This project aims to accurately classify mushrooms as either poisonous or non-poisonous using supervised machine learning techniques. I have leveraged decision tree and random forest classifiers on our specialized mushroom dataset to achieve this.
The dataset used in this project, train.csv
, contains 6,498 entries across 8 different columns, providing a comprehensive set of features for model training and testing. The most effective model determined through testing on this dataset will subsequently be applied to test.csv
for final evaluation.
I have followed these steps to execute the models:
- Data Splitting: Separate the provided data into distinct training and testing datasets.
- Column Identification: Detect and categorize the numerical and categorical columns within the data.
- Pipeline Creation: Establish separate pipelines for preprocessing numerical and categorical data.
- Preprocessor Combination: Merge the numerical and categorical pipelines into a unified data preprocessor.
- Model Integration: Formulate a comprehensive pipeline incorporating both data preprocessing and the Decision Tree classifier.
- Model Training: Apply the training dataset to the integrated pipeline to train the Decision Tree model.
- Parameter Optimization: Utilize RandomizedSearchCV with a predefined parameter grid to optimize model settings.
- Prediction Execution: Utilize the trained model to predict mushroom classifications on both training and testing sets.
- Performance Evaluation: Compute and display the accuracy, precision, and recall metrics for the predictions on both datasets.
- Confusion Matrix Generation: Produce and analyze confusion matrices for predictions made on both the training and testing datasets.
By adhering to these steps, the project aims to establish a robust model capable of accurately classifying mushrooms, thereby assisting in distinguishing between poisonous and non-poisonous varieties.
This project is organized into two directories, each serving a specific purpose. Below is the structure and description of these directories:
-
/data
: This directory contains all CSV tables which have been used for the project. -
/plots
: This directory houses all the plots generated as part of this project.
Additionally, all model calculations, including data preprocessing, model training, parameter tuning, and evaluation metrics, are comprehensively documented in the main.ipynb Jupyter notebook.

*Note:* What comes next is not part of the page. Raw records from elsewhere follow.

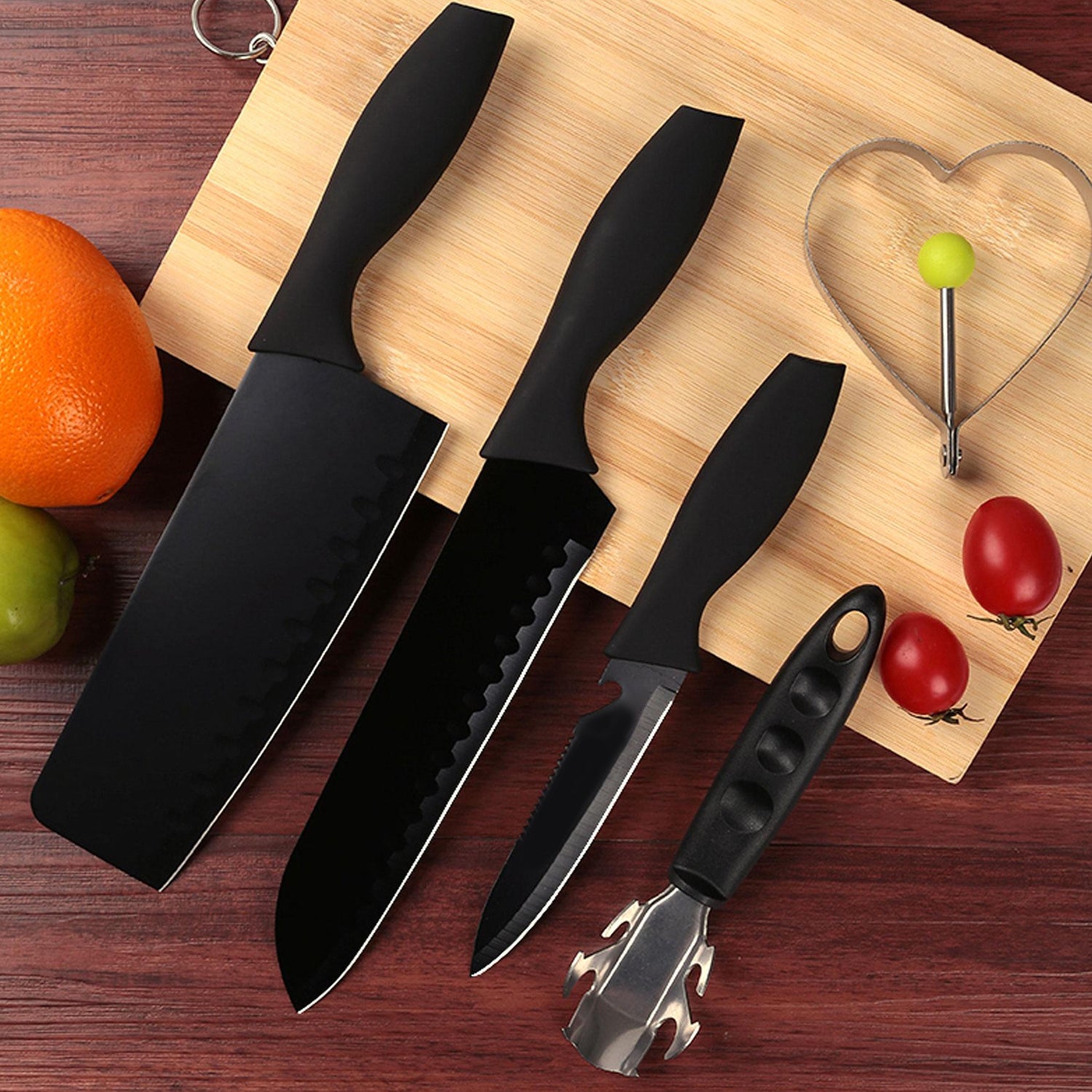 5-piece Forged Kitchen Chef Stainless Steel Knife Set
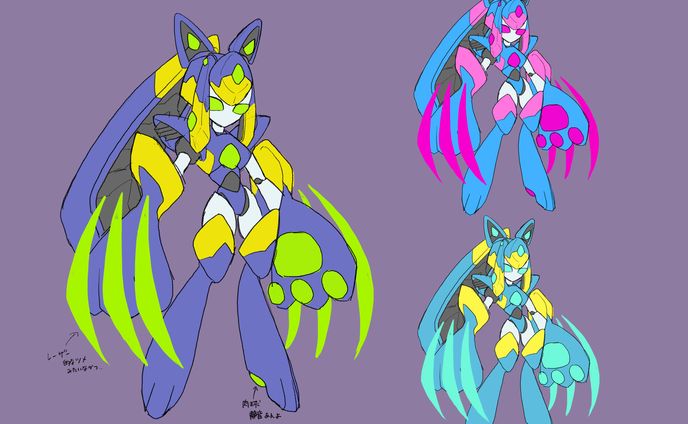 webデザイン、ロボ娘デザイン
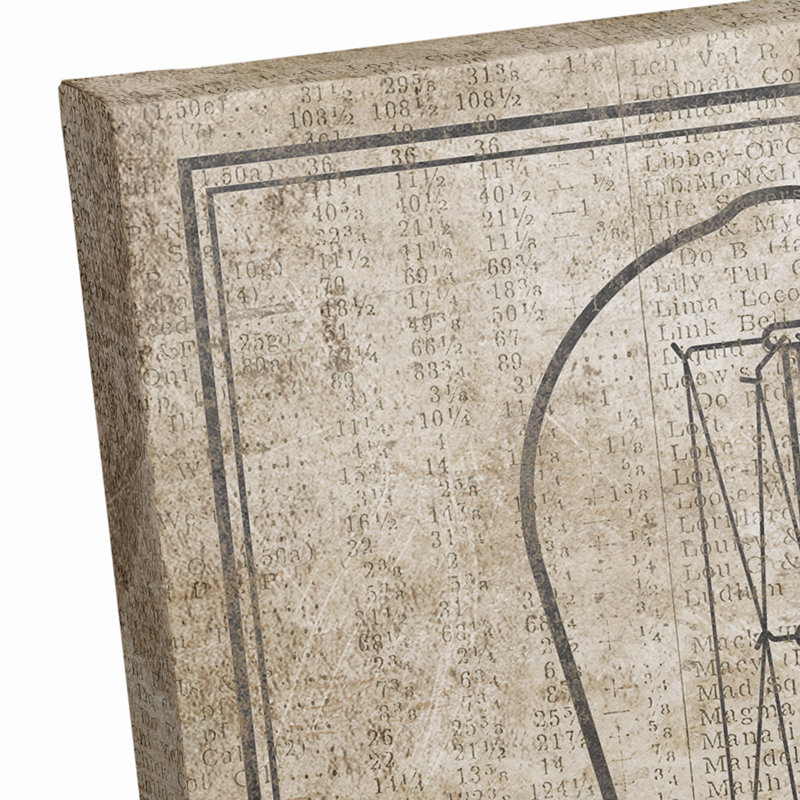 « edison ampoule on vieilli background », reproduction d’impression sur toile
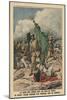 An Italian Soldier Seizing the Green Standard of Prophet Muhammed-French-Mounted Giclee Print
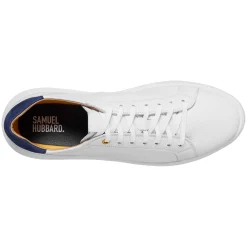 Sneakers & Athletics*Samuel Hubbard Men's , Sunset Sneaker White Leather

After running the models, you can find the accuracy, precision, recall, and F1-score for each model in the terminal output. These metrics are crucial for comparing the performance of the Decision Tree and Random Forest classifiers. Additionally, the generated plots in the /plots directory can help visualize the performance differences between the models.
After extensive parameter tuning using RandomizedSearchCV with 280 candidates and a total of 1400 fits, the optimal settings for our Decision Tree model were identified as follows:
- Imputation Strategy for Numerical Features: Mean
- Splitter: Random
- Minimum Samples per Leaf: 3
- Maximum Depth of Tree: 11
- Criterion: Gini
These parameters were determined after fitting the model across 5 folds for each of the 280 candidate settings.
The performance of the Decision Tree model, with the parameters specified above, yielded the following metrics:
Training Data Accuracy: 95.73% Test Data Accuracy: 95.77% Training Data Precision: 92.89% Test Data Precision: 93.09% Training Data Recall: 98.77%
- True Negatives (TN): 625 - The model correctly predicted the non-poisonous mushrooms.
- False Positives (FP): 46 - The model incorrectly predicted non-poisonous mushrooms as poisonous.
- False Negatives (FN): 9 - The model incorrectly predicted poisonous mushrooms as non-poisonous.
- True Positives (TP): 620 - The model correctly predicted the poisonous mushrooms.
The best parameters identified for the Random Forest model were as follows:
- Imputation Strategy for Numerical Features: Mean
- Number of Estimators: 100
- Minimum Samples per Split: 10
- Minimum Samples per Leaf: 1
- Maximum Depth of Trees: None (unlimited)
- Bootstrap: True These settings were finalized after conducting a comprehensive evaluation over the specified parameter space.
The performance of the Random Forest model with the optimized parameters is detailed below:
Training Data Accuracy: 97.83% Test Data Accuracy: 96.38% Training Data Precision: 97.26% Test Data Precision: 95.61% Training Data Recall: 98.30%
- True Negatives (TN): 643 - The model correctly predicted the non-poisonous mushrooms.
- False Positives (FP): 28 - The model incorrectly predicted non-poisonous mushrooms as poisonous.
- False Negatives (FN): 19 - The model incorrectly predicted poisonous mushrooms as non-poisonous.
- True Positives (TP): 610 - The model correctly predicted the poisonous mushrooms.
In scenarios like mushroom classification, false negatives (mistaking poisonous mushrooms for non-poisonous) are generally more dangerous than false positives. From this perspective, the Decision Tree has an advantage with lower false negatives. However, the Random Forest model demonstrates better overall accuracy and a balanced error distribution (fewer false positives and a reasonable number of false negatives).
Since our primary concern is to minimize the risk of classifying a poisonous mushroom as non-poisonous, the Decision Tree might be slightly more preferable due to its lower false negative rate.